By Thursday, the objections were multiplying. And they went beyond policy choices, to areas like accuracy, feasibility, legality and even constitutionality. At day’s end, the plan’s supporters were furiously retrenching. Instead of advocating for passage, they pleaded for a modicum of consideration by the majority Democrat legislature.
“It’s incumbent on the majority to take the time to look at it. That’s all I’m hoping for at this point,” said Senate Minority Leader Dustin Degree (R-Franklin). “That’s the conversation we need to have, and I think the governor started that conversation pretty effectively.”
For sure, there was plenty of conversation. But almost all of it was negative.
The deadliest criticism came from a nonpartisan source: analyst Mark Perrault* of the legislature’s Joint Fiscal Office. He circulated a two-page printout highlighting the problems with the Scott education plan, starting with simple math.
The Scott plan would provide new money for early and higher education by dipping into the education fund, which is currently devoted to K-12 education. The administration says it would replenish the ed fund with general fund dollars.
Not so, says Perrault.
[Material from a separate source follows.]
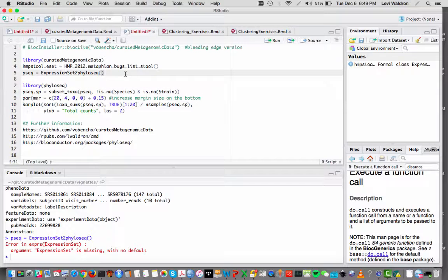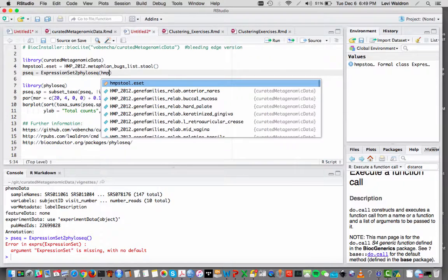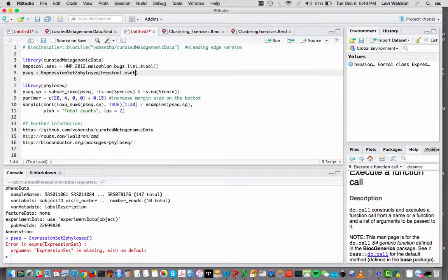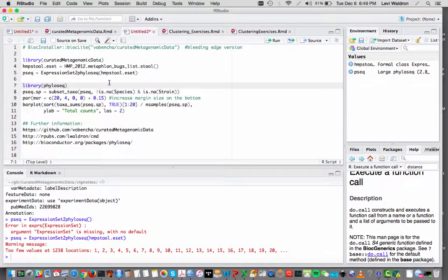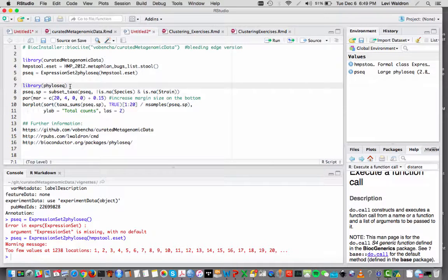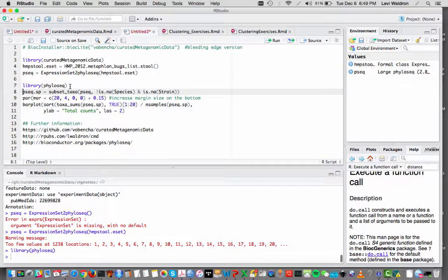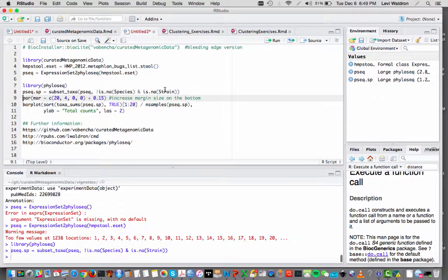And I need to put in the name of the expression set. Don't worry about this.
He says the Scott plan adds $135.9 million in new expenses to the ed fund, while providing only $86 million from the general fund. The ed fund would be shorted by nearly $50 million. And its obligations to early and higher education are slated to grow in ensuing years.
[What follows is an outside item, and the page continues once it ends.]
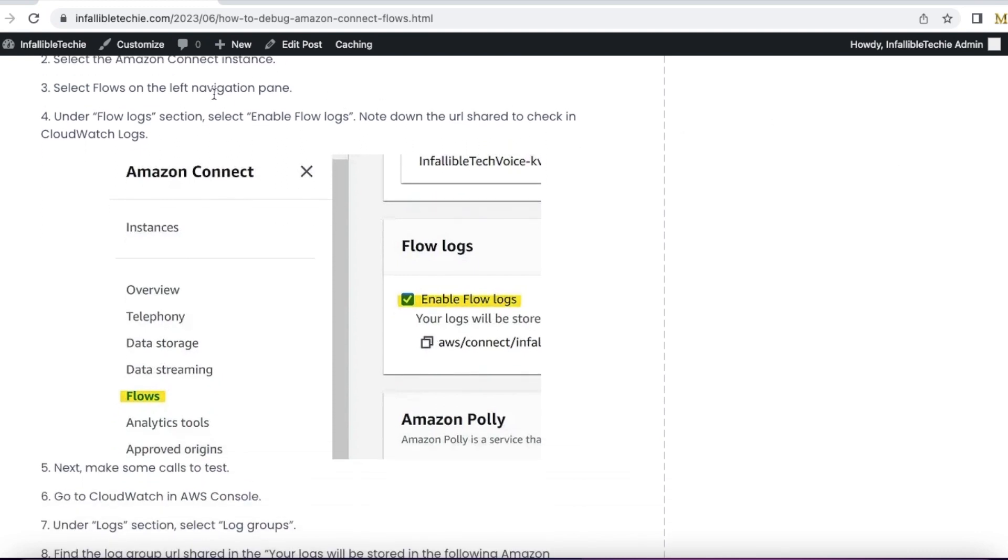On the left navigation pane, select Flows and make sure flow logs are enabled.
Many lawmakers worry about the precedent as much as the first-year amounts. “Right now, the ed fund is clean and simple,” said Sen. Ann Cummings (D-Washington), chair of the Senate Finance Committee. “The money goes in, it goes back out to the schools.” She then added, with an edge to her voice, “I’m kind of interested in how this would work.”
There was talk of potentially devastating impacts if small schools are barred from increasing their budgets. “What if the furnace breaks or the roof starts leaking?” Cummings wondered.
Sen. Ginny Lyons (D-Chittenden) worried about the idea of state-mandated provisions in teacher contracts, which are negotiated locally. “Are we intruding in a way we haven’t before?” she said. “We need legal advice about the consequences of doing that.”
And there’s a crushing, compound irony buried in the plan. While its backers tout the need for immediate property tax relief, the Scott plan doesn’t actually provide any. In fact, property tax bills would rise for some Vermonters, including those who are cash-poor but property-rich. Senior citizens, for instance.
The projected savings from the mandated level-funding of local school budgets wouldn’t be used to lower property tax bills; they’d be spent on Scott’s favored programs. Savings from increased health insurance premiums for teachers would be siphoned into the general fund.
Every morning, lawmakers can pick up a copy of the Barre-Montpelier Times Argus in the Statehouse coat room. They were greeted on Wednesday by an editorial entitled “Budget Voodoo,” which said the Scott budget was “built on a fantasy” and judged his approach to the budget “naive.” Which is a hell of a thing to say about a guy who’s been in state elective office since 2002.
Legislative leaders will certainly continue to take testimony and do their due diligence. Many say they intend to take their duty seriously and give the new governor a chance. But there is no doubt that Scott’s plan is going nowhere. In fact, the real question isn’t whether his plan will survive; it’s how much damage his political clout will suffer because of the crash-and-burn failure of his first major initiative.
*Correction, January 27, 2017: A previous version of this story misidentified Mark Perrault.